# WHAT YOU SHOULD DO
Each line from the first entry to the line with "#とうもろこし　#かんかん娘", both included, is to be returned unchanged, with any pictures dropped.

# SUPPLIED MATERIAL
-=-=-
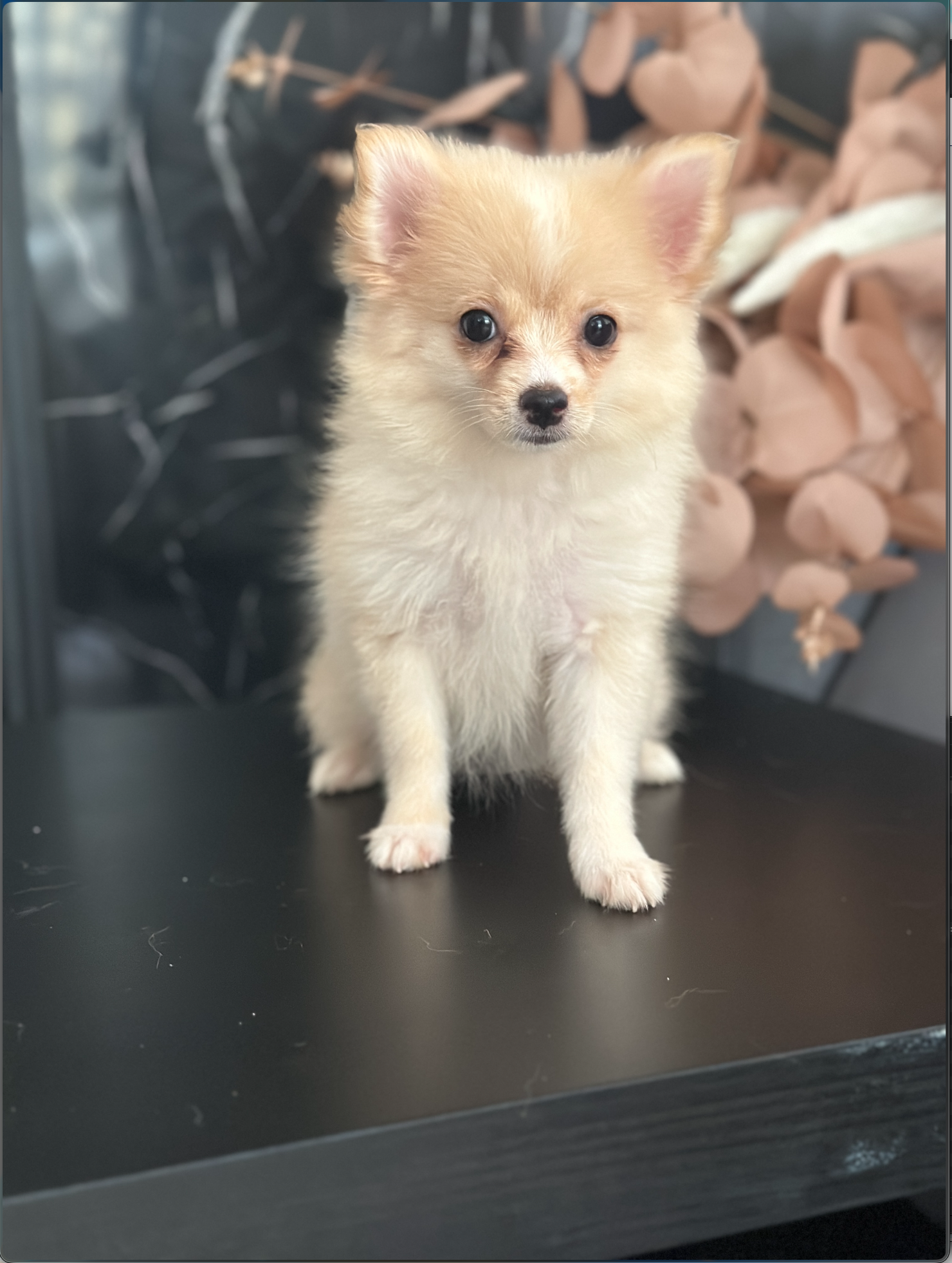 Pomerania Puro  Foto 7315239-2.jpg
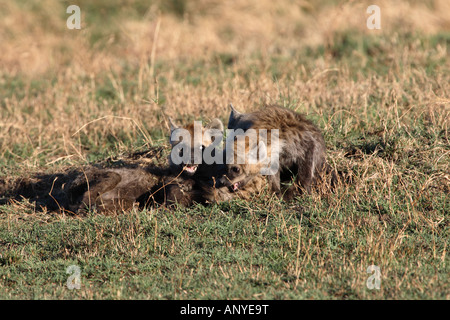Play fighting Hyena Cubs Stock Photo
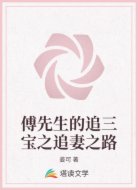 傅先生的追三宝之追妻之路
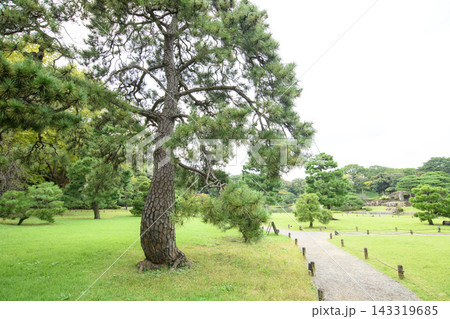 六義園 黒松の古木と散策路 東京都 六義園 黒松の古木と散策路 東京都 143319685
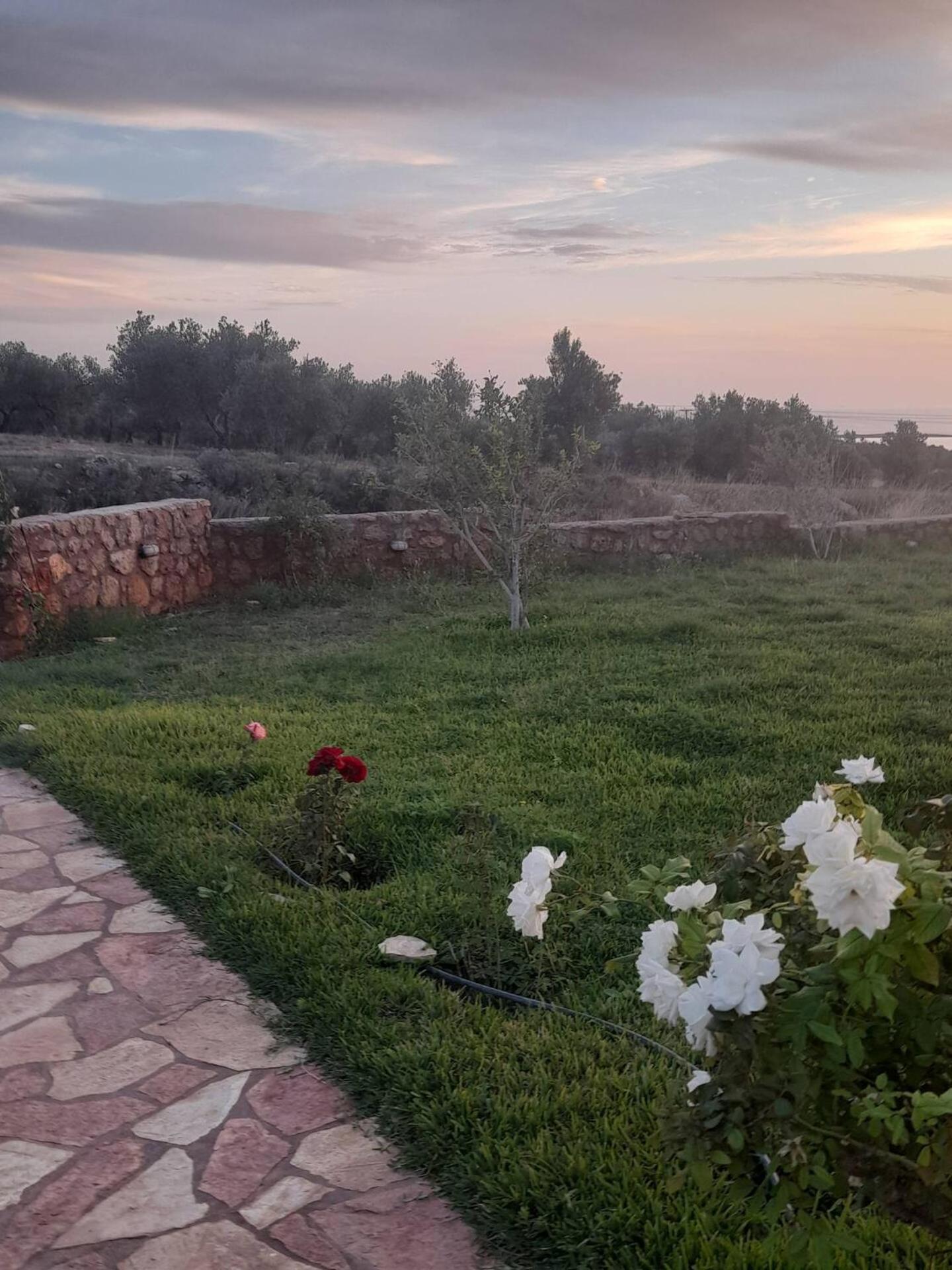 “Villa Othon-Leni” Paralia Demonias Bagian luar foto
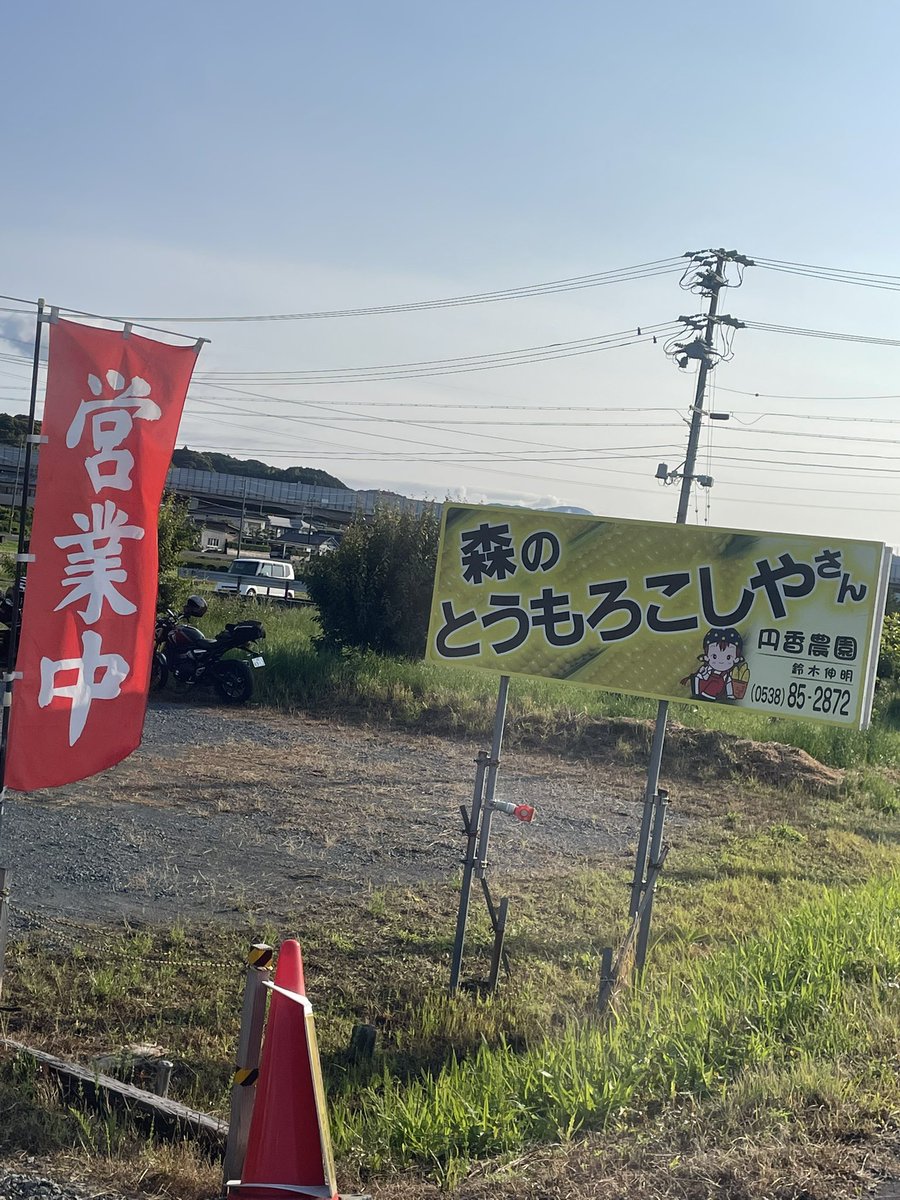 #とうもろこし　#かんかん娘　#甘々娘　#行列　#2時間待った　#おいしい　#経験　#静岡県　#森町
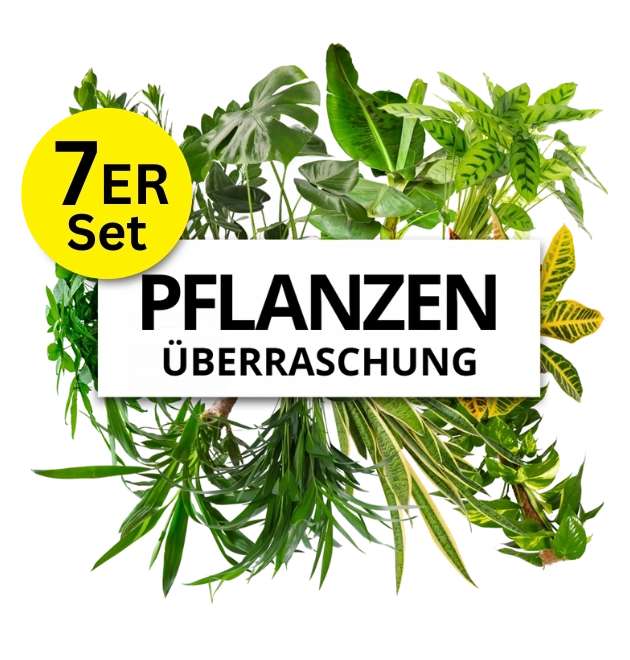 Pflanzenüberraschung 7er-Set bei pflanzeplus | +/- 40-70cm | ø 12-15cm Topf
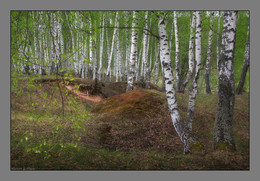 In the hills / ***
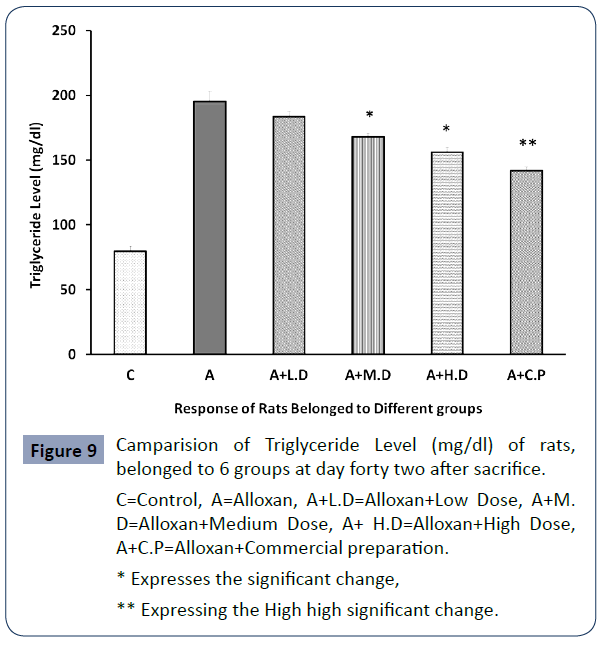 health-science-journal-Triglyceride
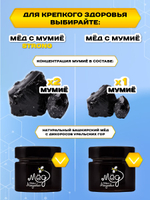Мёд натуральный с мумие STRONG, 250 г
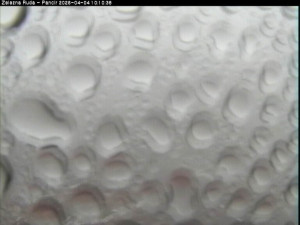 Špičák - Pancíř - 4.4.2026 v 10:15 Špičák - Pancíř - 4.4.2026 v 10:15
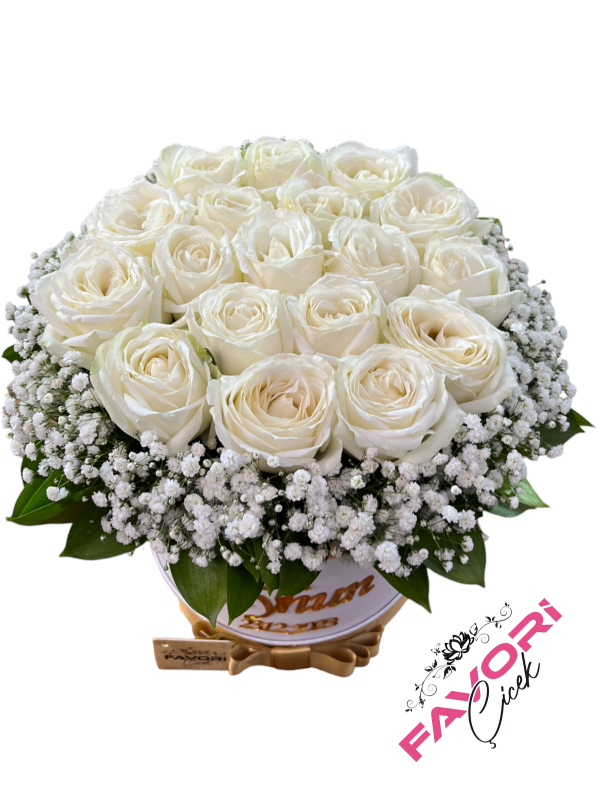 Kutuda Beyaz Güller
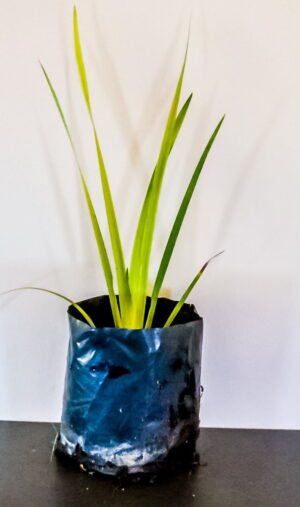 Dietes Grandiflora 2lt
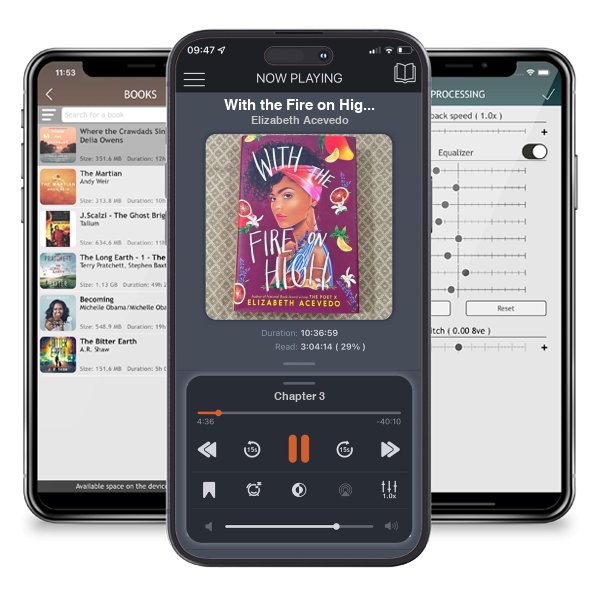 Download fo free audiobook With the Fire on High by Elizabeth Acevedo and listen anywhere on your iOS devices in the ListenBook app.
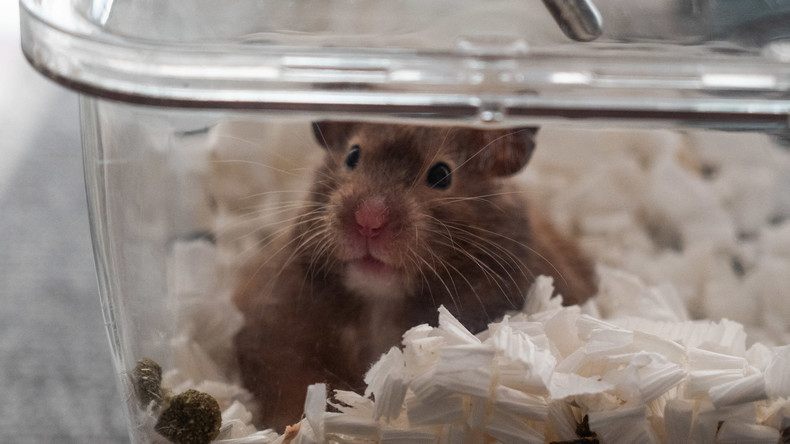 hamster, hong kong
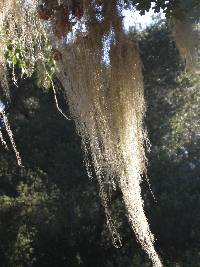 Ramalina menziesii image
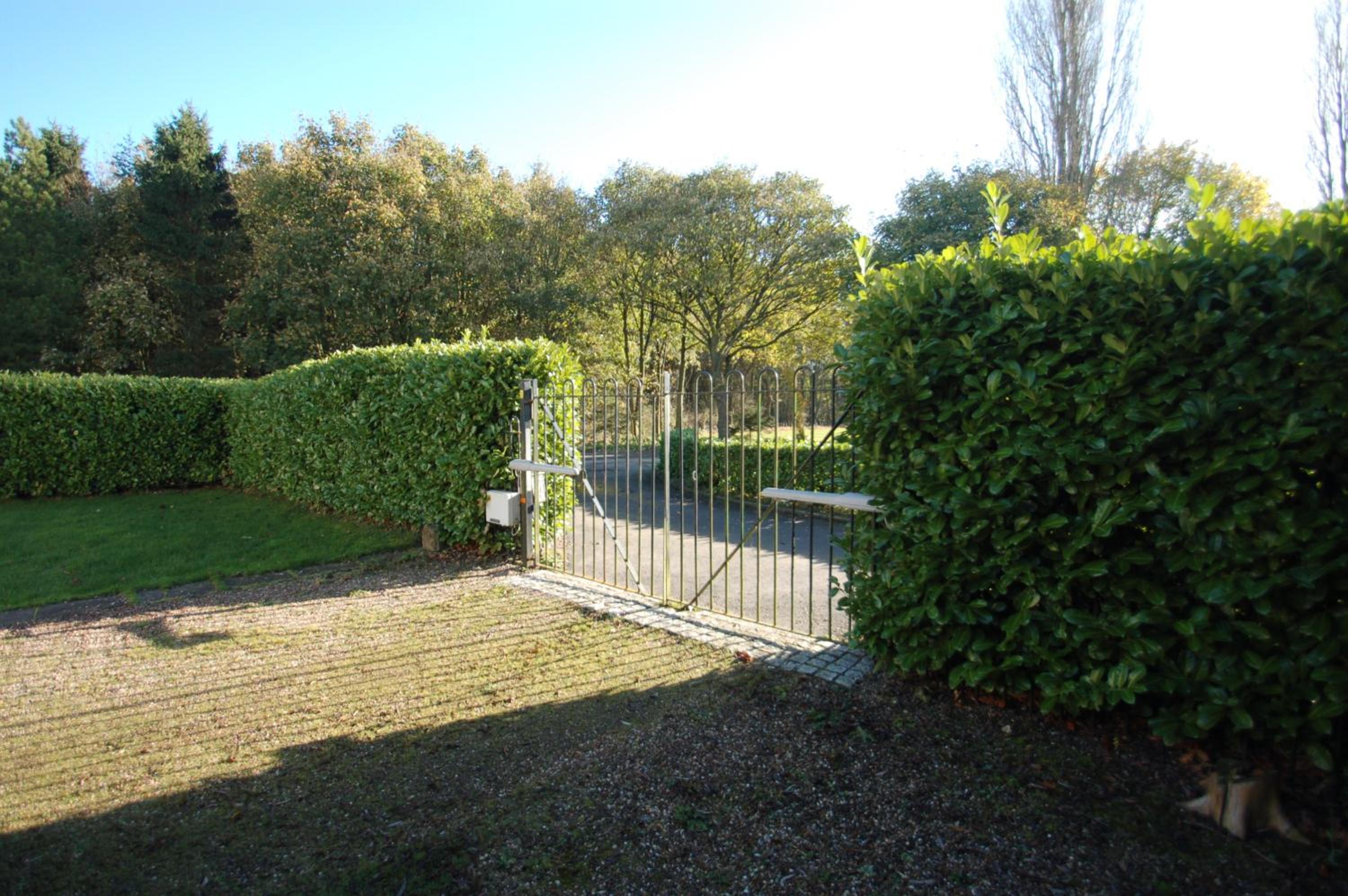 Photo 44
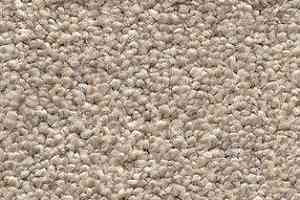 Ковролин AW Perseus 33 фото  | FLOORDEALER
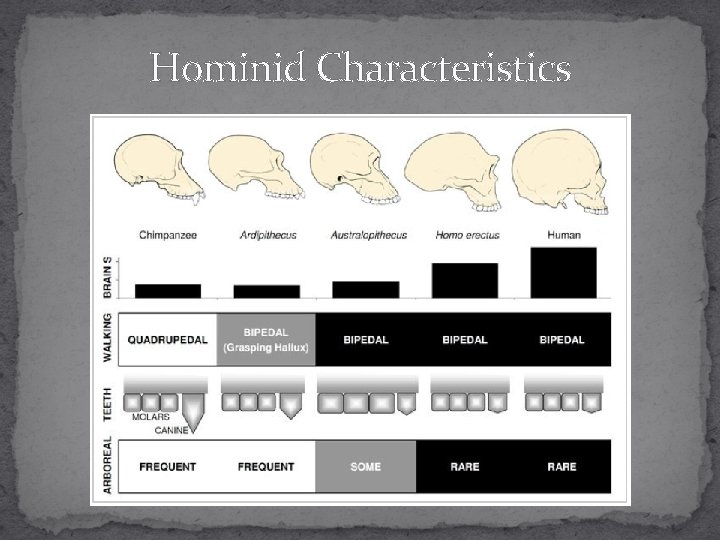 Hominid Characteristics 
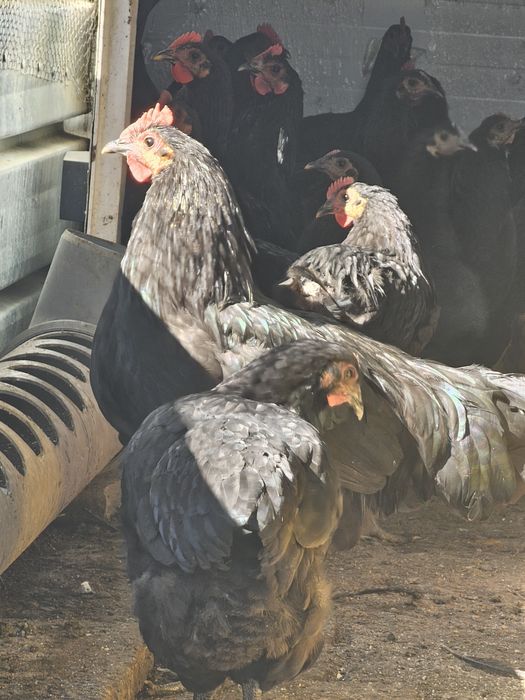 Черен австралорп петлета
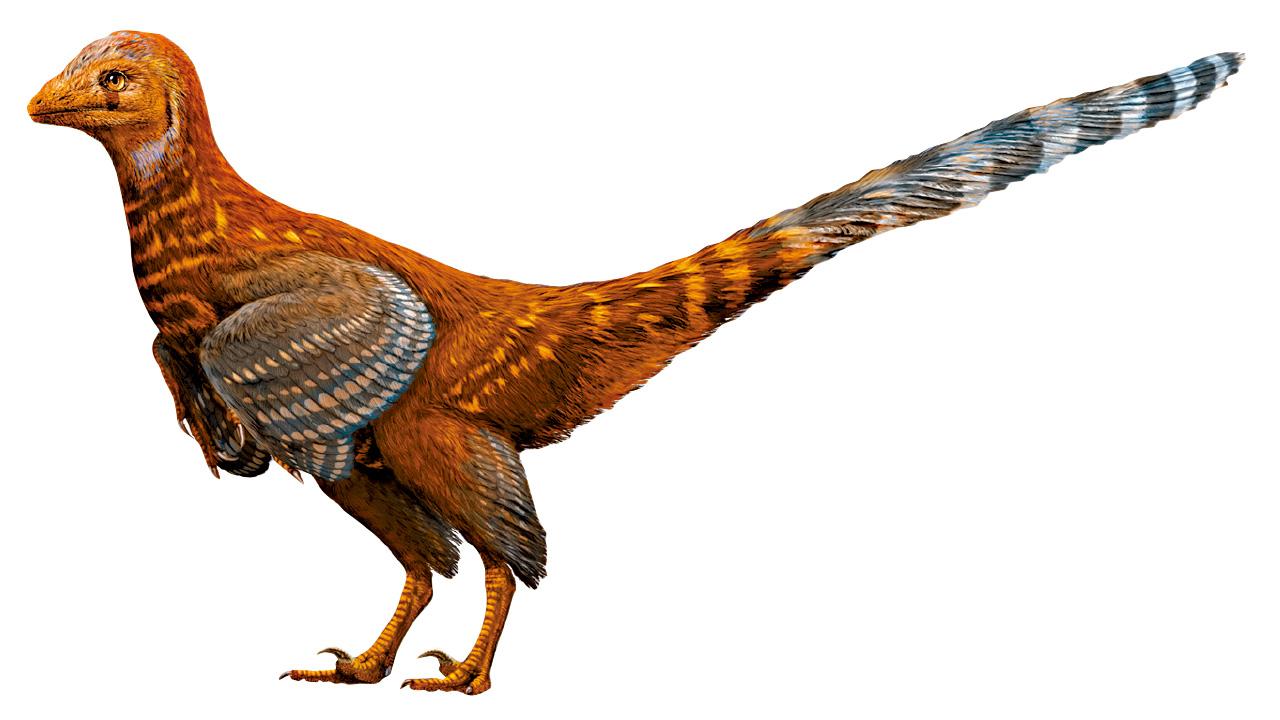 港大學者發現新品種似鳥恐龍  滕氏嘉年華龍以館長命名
-=-=-
# OUTPUT FOR THIS TASK
 Pomerania Puro  Foto 7315239-2.jpg
Play fighting Hyena Cubs Stock Photo
 傅先生的追三宝之追妻之路
 六義園 黒松の古木と散策路 東京都 六義園 黒松の古木と散策路 東京都 143319685
 “Villa Othon-Leni” Paralia Demonias Bagian luar foto
 #とうもろこし　#かんかん娘　#甘々娘　#行列　#2時間待った　#おいしい　#経験　#静岡県　#森町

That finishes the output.